Data pipeline for vacation photos

I take pictures when I am on vacation. Then I throw away 90% of them, some make the cut to end up on Instagram. Instagram is a great platform, however without an official API to upload images, they make it tough for lazy amateurs to publish their content. There is a popular unofficial api, which I intend to give a try.

But even before I get there, I need to get the pipeline ready for getting the data out of the memory card of my DSLR and finding the ones that are worthy of posting. I don’t do any editing what so ever – and proudly tag everything with #nofilter. The real reason is image editing is tough and time-consuming. I doubt anyone would have such a workflow, but I find the existing tooling frustrating makes me do boring manual jobs – that too on vacation.

The workflow

Typically when I am on vacation, I would take pictures all day and as soon as I reach the hotel I want to get the pictures off my camera, group them in keep, discard,maybe buckets, upload them to the cloud, post them to Instagram and finally have the memory card cleaned up for the next day.
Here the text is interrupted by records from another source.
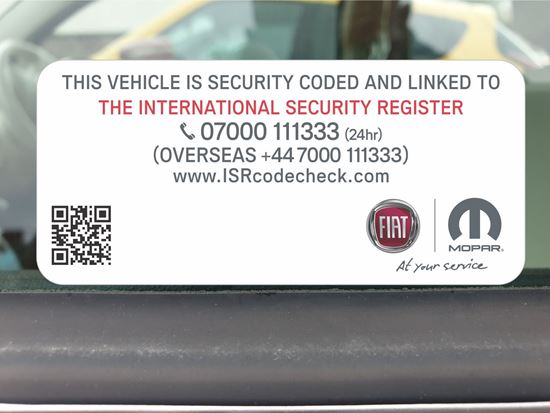 Picture of Fiat Security Coded and Linked replacement Glass Decals  /Stickers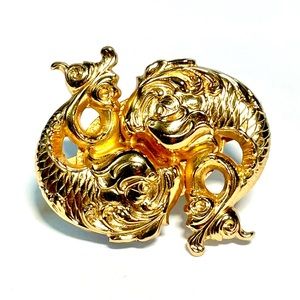 Vintage Napier Koi Fish Scarf Holder Pisces yin yang dragon fish Asian oriental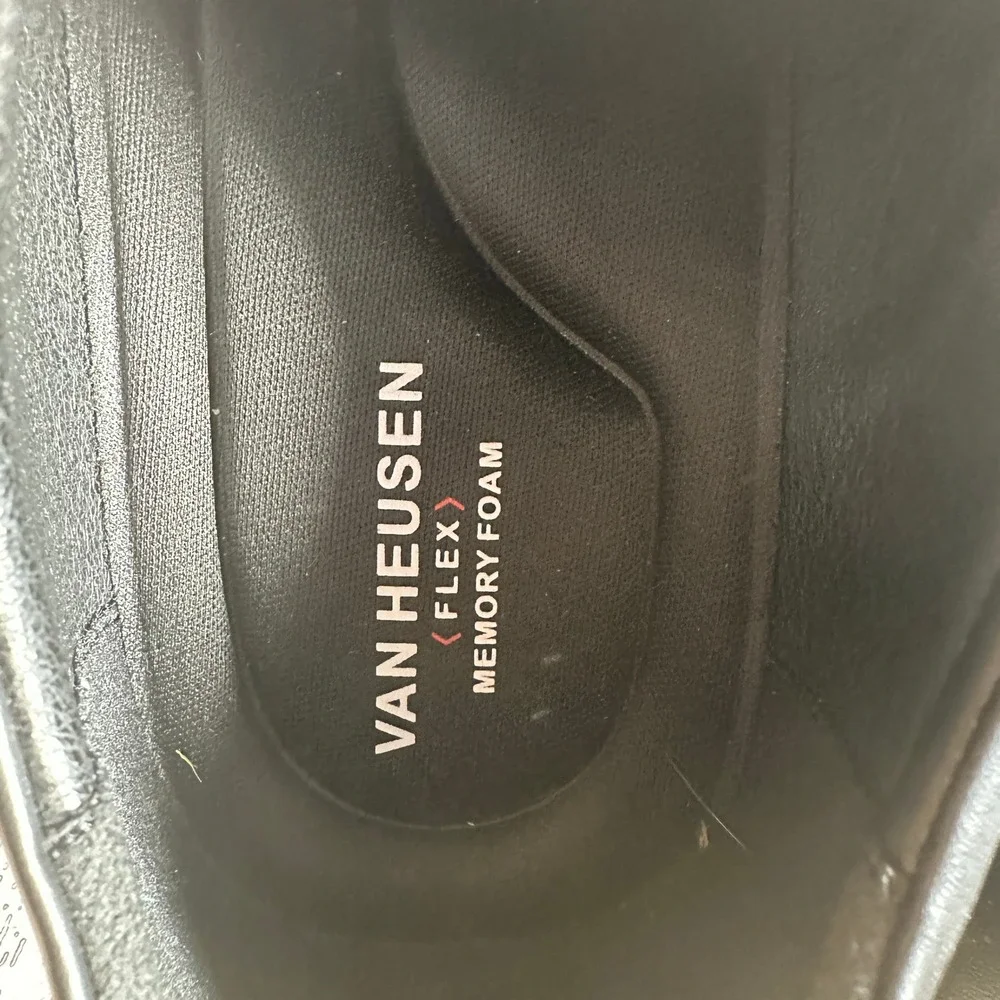 Van Heusen Dress Shoes Mens Size 10 Black Cap Toe Derby Memory Foam Flex NEW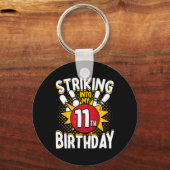 Porte-clés 11e Anniversaire Bowling Thème Frapper En Annivers (Recto)
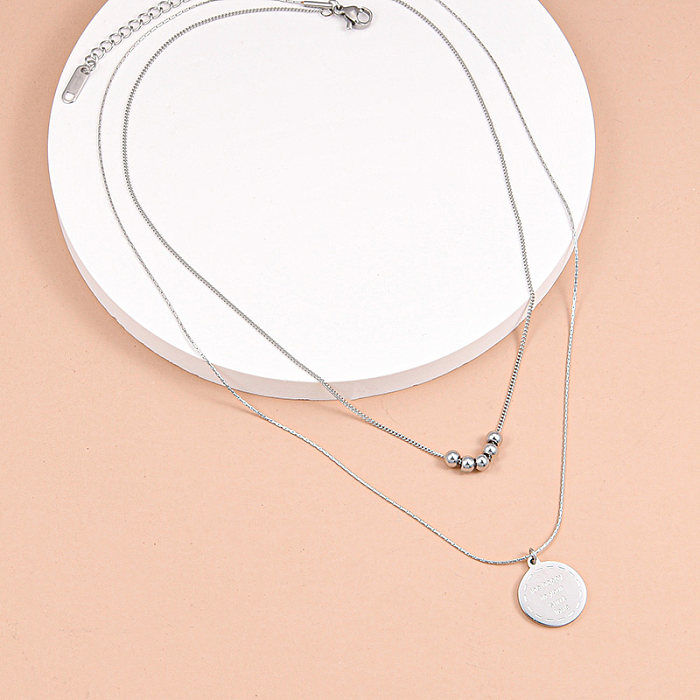 Simple Style Geometric Stainless Steel  Layered Necklaces Plating Stainless Steel  Necklaces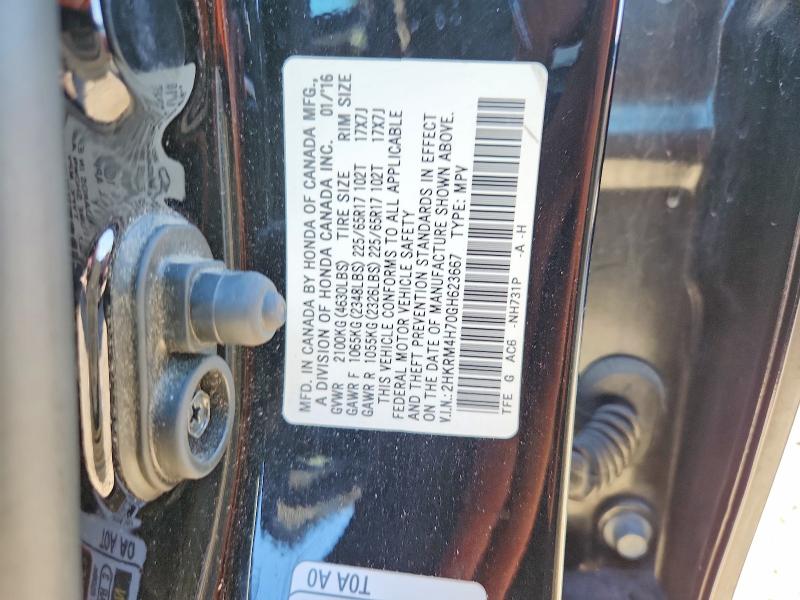 Продажа на аукционе авто 2016 Honda Cr-v, vin: 2HKRM4H70GH623667, номер лота: 55536316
If I get about an hour to do all this – I’m lucky. The most time-consuming part of the workflow is looking at the images and deciding which bucket it belongs. Rest of the parts are easy to automate. So I wanted to take up that part of the workflow first.

This stage of bucketing a few hundred images into keep,maybe,discardbuckets needed a tool that is more flexible than Photos on mac. Sometimes there are multiple shots of the same subject which needs to be compared next to each other.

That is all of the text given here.